Deposed and now-resurrected minister Chaim Ramon, in any other civilized country, would hang his head in shame and sink into oblivion. In Israel, however, he is a leader – a deputy prime minister, in fact. Last week, he said, “Israel must move quickly, because we have a ‘partner’ in the non-Hamas leadership. I don’t know for how long, so we must act quickly.”
That’s right: act now before the Palestinians of the West Bank depose Abbas like they did in Gaza. Let’s quickly rush and give them over the West bank before Hamas comes.
Can rational people really think that way? Can thinking people be so misguided? Can it really be that they don’t see the folly of their ways? How can people be so totally blinded?

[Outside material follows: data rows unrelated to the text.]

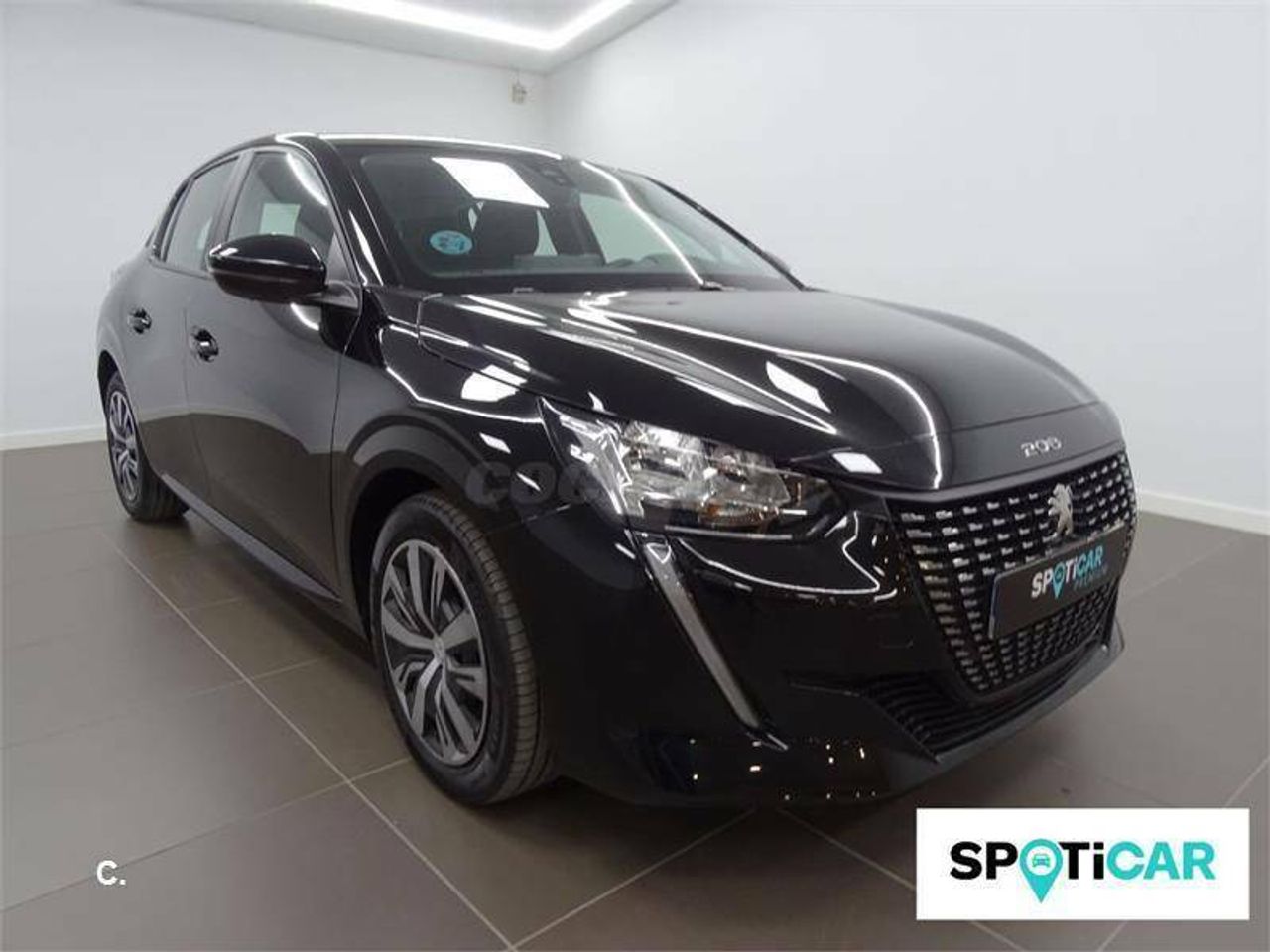 Foto Peugeot 208 5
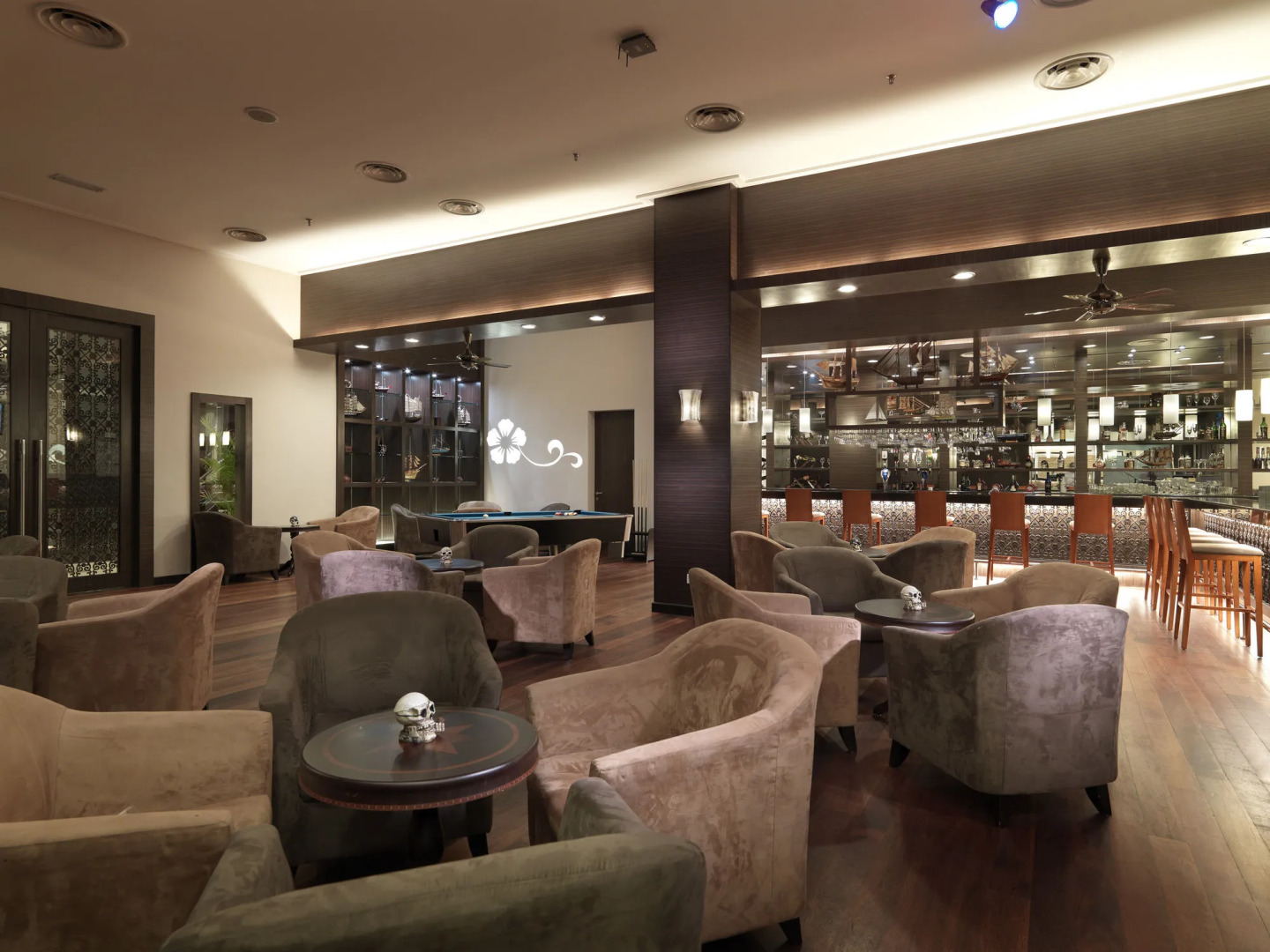 Grand Lexis Port Dickson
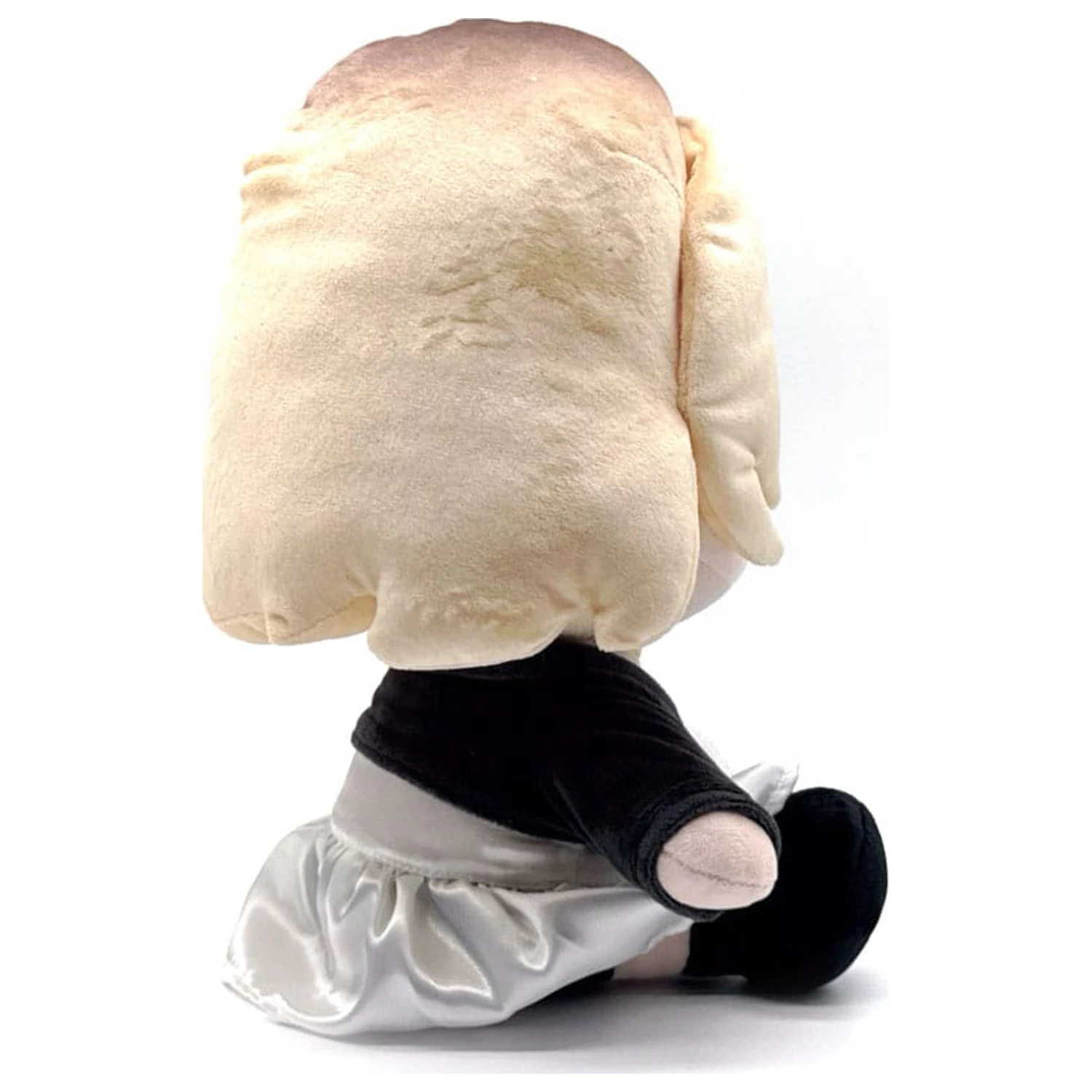 Chucky (Child's Play) plyšová figurka Tiffany Valentine 22 cm fotografii produktu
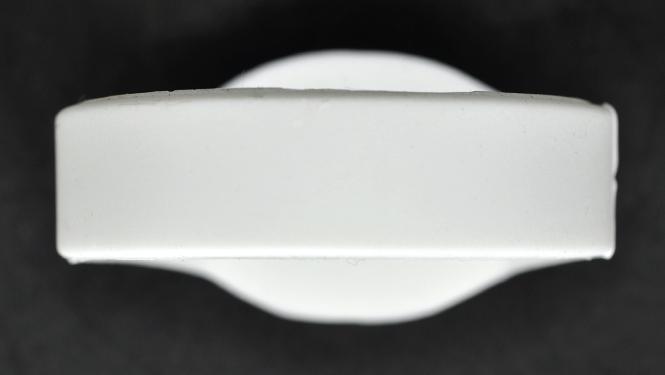 Large Oval RFID Silicone Wristband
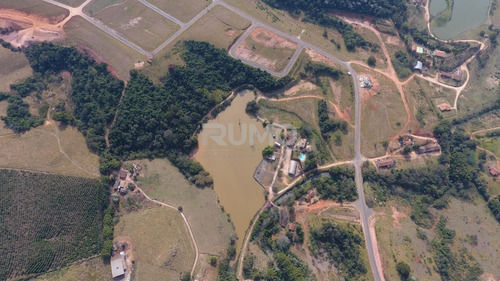 Terreno À Venda Em Parque Modelo - Te005416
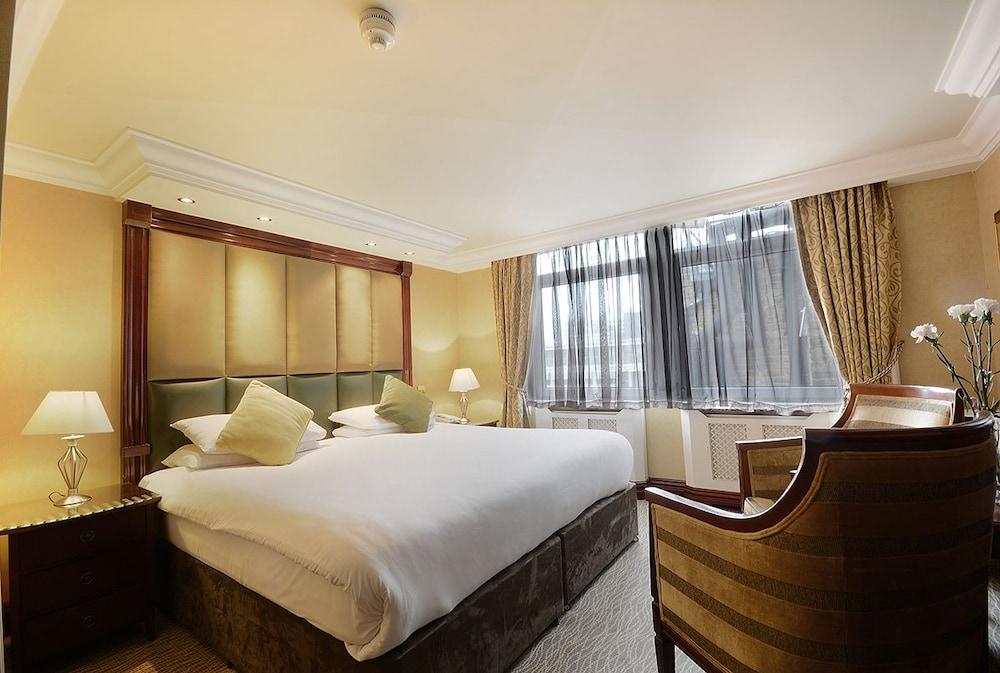 Hotel Montcalm Chilworth Townhouse, Paddington 5*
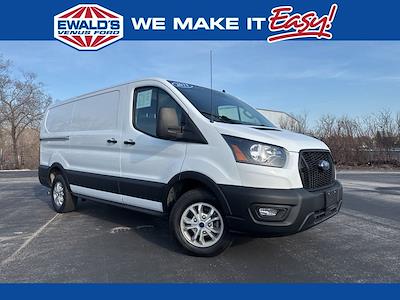 Used 2023 Ford Transit 150 - photo 1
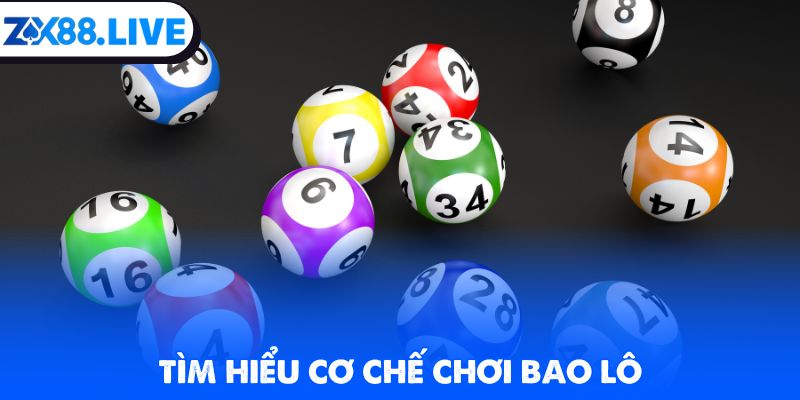 Tìm hiểu cơ chế chơi bao lô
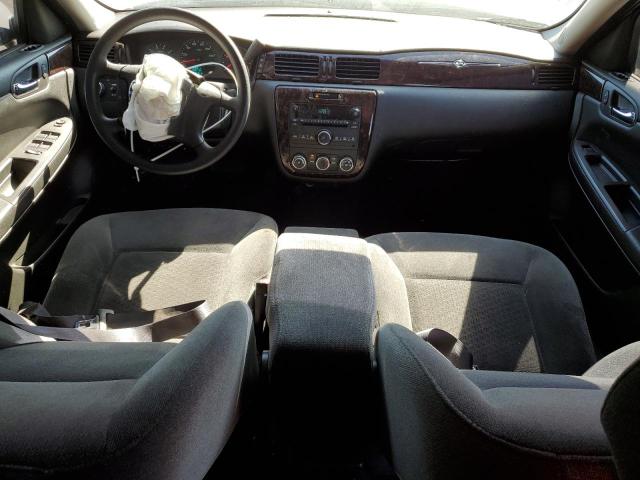 Photo 8 from auction – 2014 CHEVROLET IMPALA LIM with VIN 2G1WA5E31E1126427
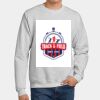 EcoSmart ® Crewneck Sweatshirt Thumbnail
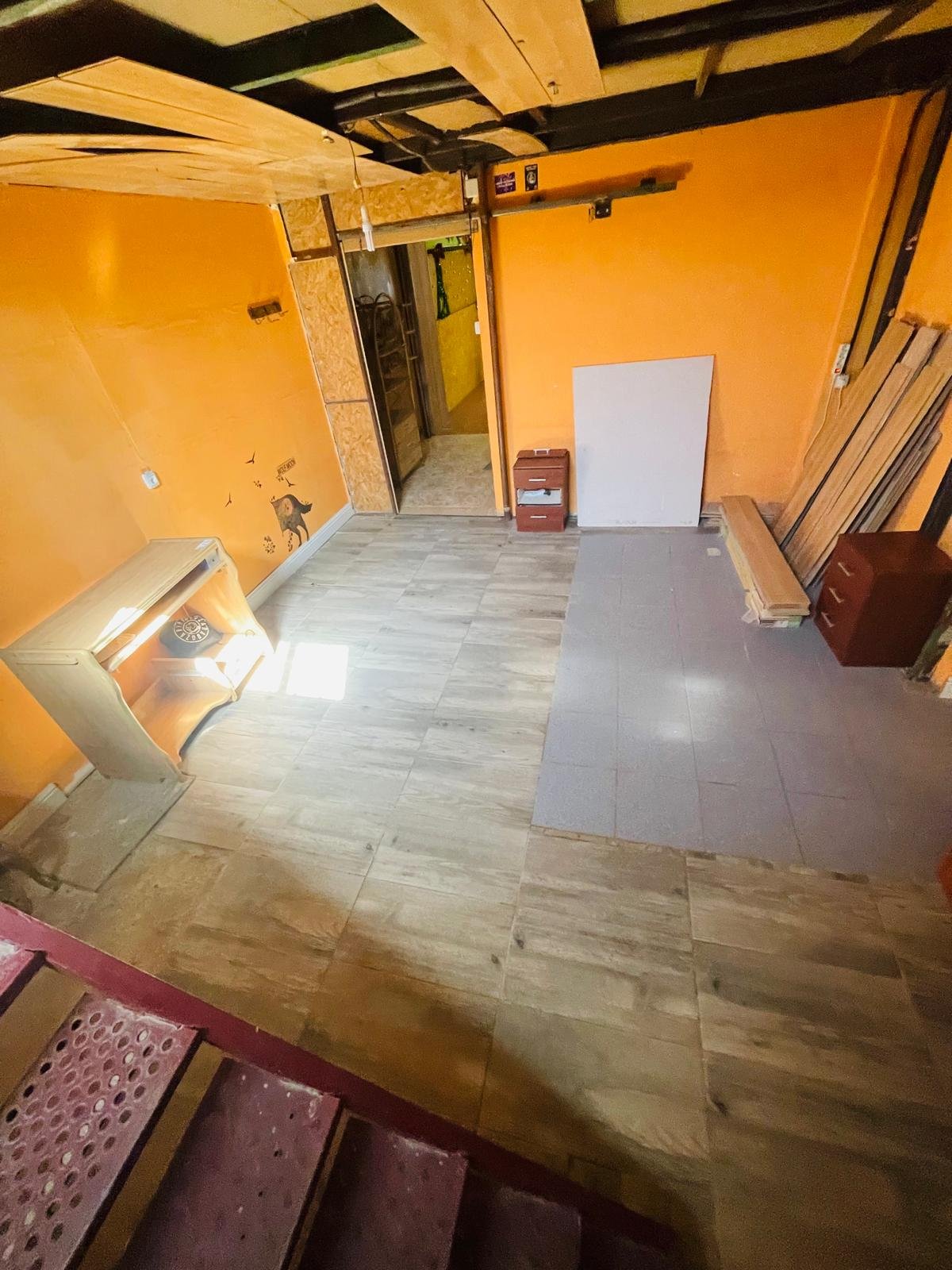 Chalet en Oliver Zaragoza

Fateful Warnings Meant For Our Own Times
Read the pesukim of this week’s parsha (perek 8, posuk 11 and on): “Be careful lest you shall forget Hashem… Lest you eat and become full and build nice, good fancy homes and become settled… Lest you have much gold and silver and become haughty and forget Hashem, your G-d, who took you out of Mitzrayim and led you through the Midbar where he quenched your thirst and fed you. Yet you say in your heart, I did this all myself with my own strength. Remember it is Hashem who gives you strength to wage war … If you will forget Hashem and go after strange gods and you will serve them and bow to them, I warn you that you will be destroyed…”
These pesukim are not just written to the people who have obviously gone astray; they are written to us as well, and should serve as a reminder to us that we should never let our gaavah get the better of us and fool us into thinking that we are self-sufficient, that we are smart and strong enough to take care of ourselves. We must always remember where we come from and where we are headed. We must be constantly aware that it is Hashem who provides us with the know-how and stamina we require to earn our livings and get ahead in this world, and to survive life’s many challenges and pitfalls.
Let us not fall prey to self-aggrandizement. Let us ensure that we don’t become blinded by ego and evil inclination, and that we remain loyal to the One who sustains us.
For as the parsha ends (11:22), “If you will observe the mitzvos, love Hashem and follow in his path… then Hashem will let you inherit nations that are larger and stronger than yours… Wherever you will set your foot down will be blessed… No one will be able to stand in your way.”